━━━ DATA

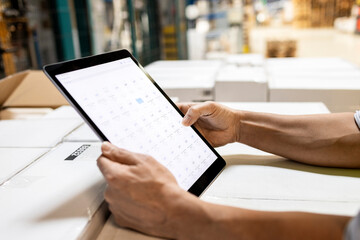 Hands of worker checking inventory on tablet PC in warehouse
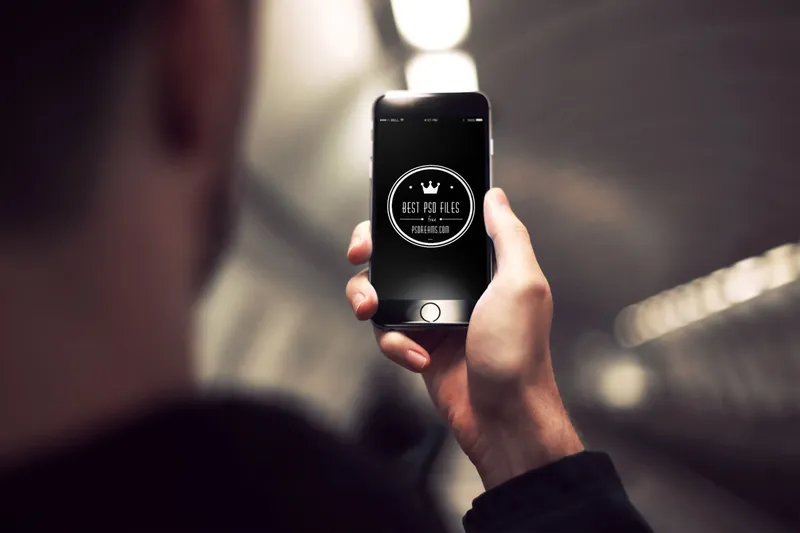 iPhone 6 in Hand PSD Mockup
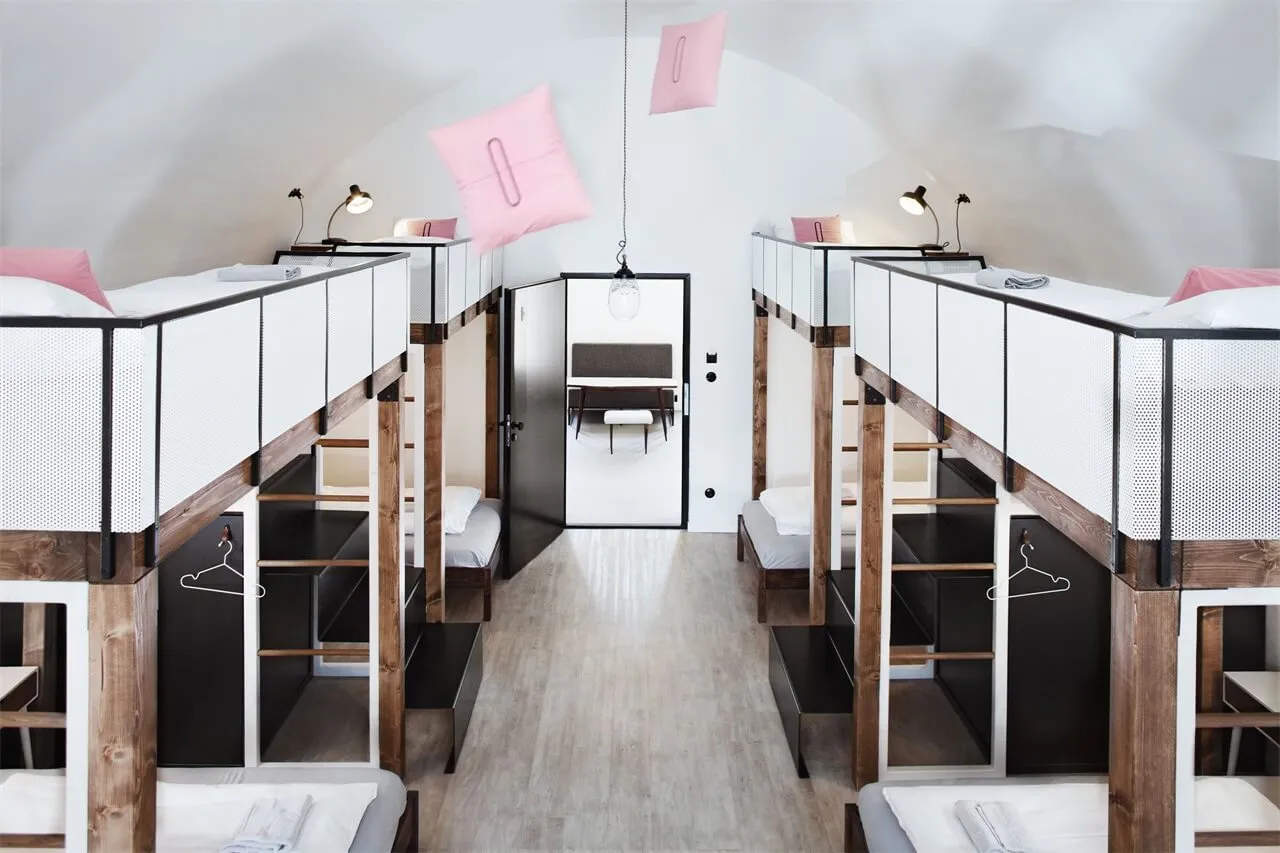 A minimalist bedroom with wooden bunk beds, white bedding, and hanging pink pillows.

━━━━━━
━━━ DATA

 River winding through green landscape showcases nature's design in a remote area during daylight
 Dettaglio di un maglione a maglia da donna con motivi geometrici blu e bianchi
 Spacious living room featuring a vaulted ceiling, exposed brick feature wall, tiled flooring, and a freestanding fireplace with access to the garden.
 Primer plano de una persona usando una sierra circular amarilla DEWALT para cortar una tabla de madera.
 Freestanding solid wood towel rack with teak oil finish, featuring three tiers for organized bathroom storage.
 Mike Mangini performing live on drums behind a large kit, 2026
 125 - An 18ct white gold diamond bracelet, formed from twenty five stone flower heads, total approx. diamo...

━━━━━━

> **WHAT IS EXPECTED**:
Look above for the line with "iPhone 6 in Hand PSD Mockup" and the line with "A minimalist bedroom", then copy exactly the lines from the first through the second, both kept, with no pictures.

> **RESPONSE TO THE TASK**:
 iPhone 6 in Hand PSD Mockup
 A minimalist bedroom with wooden bunk beds, white bedding, and hanging pink pillows.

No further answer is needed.